Here are today’s highlights:
It’s like a dating app for co-founders.
Is Salesforce overpriced?
Facebook copies another innovative startup that’s getting traction.
Business owners say remote work hurts productivity. Can they keep their employees? “In a survey of more than 1,000 U.S. business owners released last week by Digital.com, a Seattle-based review site focused on small businesses, 45 percent reported that their companies aren't getting as much done while their employees are working from home. The survey further suggests employers disagree with research that finds people are equally or more productive while working from home: 39 percent of respondents said they would fire employees who refused to return to the office. Among companies that reported their employees were completely office-based before the pandemic, that figure rose to 44 percent.”
“‘Companies that focus on physical location and hours worked will be behind the curve,’ Dennis Consorte, Digital.com's small business expert, said in the survey results. ‘Otherwise, their most valued employees may seek out remote opportunities elsewhere.’” READ MORE
Y Combinator releases a platform to connect co-founders: “Its new co-founder matching service will allow founders to fill out profiles about what their interests are and what attributes they're looking for in a co-founder. ‘We realized this is a problem a lot of founders face, particularly internationally," [Kyle] Corbitt said. ‘I think it's less of a problem if you've gone to Stanford or live in San Francisco where there's a stronger established network that makes it easier to find people, but our community is all over the world. We have startup founders in 190 countries.’
“A common match is non-technical founders looking for technical founders, said Catheryn Li, an engineer at YC who built the service.”

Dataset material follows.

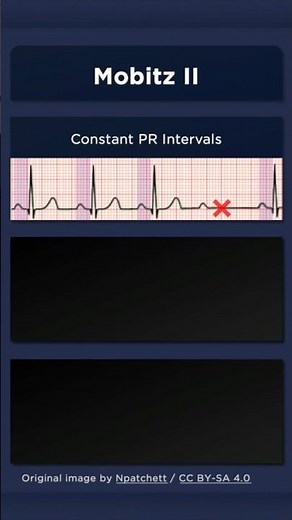 Type II Second Degree Atrioventricular Block ECG: Constant PR intervals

“After founders match, YC sends them a survey and encourages them to work on a project together. It's even templated an agreement to help dodge co-founder disputes.” READ MORE
SMALL BUSINESS TECHNOLOGY
Is Salesforce overpriced? Gene Marks, whose company implements Salesforce and other CRMs, says it depends: “For starters, it depends on what you want from your CRM system. If you just want simple contact management for a relatively small workgroup, then Salesforce Essentials – its lowest-priced product at $25 per user per month for up to 10 users – is perfectly fine. Other CRMs may come in a few dollars less or more, but for the most part it’s competitively priced and does position you to scale if your company grows. ... At the next level up, Salesforce starts to get pricier. Its Professional version is priced at $75 per month per user and pretty much has the same features and functionality as Zoho CRM (and others) where the pricing can be half as much.”

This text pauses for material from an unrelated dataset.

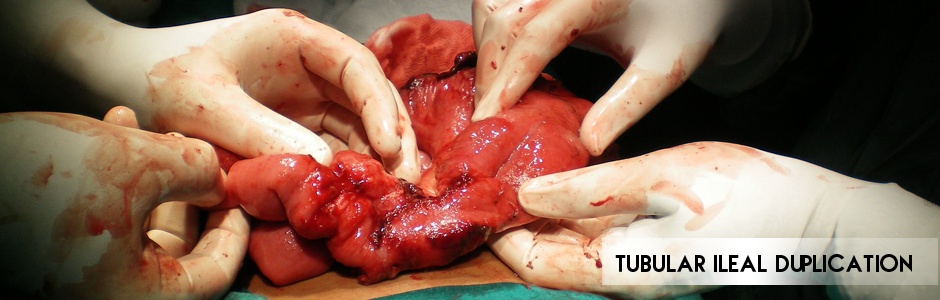 Neonatal Surgery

“Whenever I encounter a company unhappy with Salesforce it’s almost always because it wasn’t implemented the right way (or the company is only using a fraction of what it offers). You’re never going to get fired for choosing Salesforce.” READ MORE
Shopping mall owners are looking to ghost kitchens for revenue: “[Sam] Nazarian said his new venture, Creating Culinary Communities, which counts investors such as shopping-mall giants Brookfield Asset Management and Simon Property Group, has plans for 1,000 ghost kitchens by the end of the year. ... The company’s first food hall will open in New York City at Manhattan West in September, as people return to work as summer ends. The 40,000-square-foot space will include some of C3’s more than 40 brands, among them Umami Burger and Krispy Rice, a delivery-only sushi-restaurant concept.”

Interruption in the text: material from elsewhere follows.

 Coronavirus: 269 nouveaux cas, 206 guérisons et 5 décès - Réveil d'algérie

“As more kitchens reopen for dine-in service, C3 and its investors say they don’t expect an easing of pandemic restrictions to take the luster off their delivery businesses.”
“Sales in markets that have reopened might dip for a week or two, but then ‘we seem to go right back to full steam ahead,’ said Michael Beacham, REEF’s president of kitchens.”
“‘Every type of restaurant is looking for alternatives to brick-and-mortar right now,’ said Jon Goldsmith, CEO and co-founder of Local Kitchens, a San Francisco-based ghost-kitchen startup.” READ MORE
Facebook is doing it again: “Whenever a new online medium gains momentum — whether it’s photo-sharing (Instagram), messaging (WhatsApp), live video (Meerkat), ephemeral stories (Snapchat) or social audio (Clubhouse) — Facebook is sure to follow. So it was no surprise when the company announced last week a near-clone of Substack, the fast-growing newsletter platform that connects notable writers directly with subscribers [the 21 Hats Morning Report is published on Substack]. But how, skeptics wondered, could Facebook — whose relationship with journalists is notoriously frayed — compete against a start-up that has built its reputation on catering to writers’ needs? The answer, it turns out, is by offering them financial terms that Substack can’t match.
“Substack makes money by taking a 10 percent cut of writers’ revenue. Facebook’s cut of subscriptions on its newsletter platform, Bulletin, will be a tidy zero percent, at least for now.”
“‘The goal here is to support millions of people doing creative work,’ Facebook chief executive Mark Zuckerberg told reporters.”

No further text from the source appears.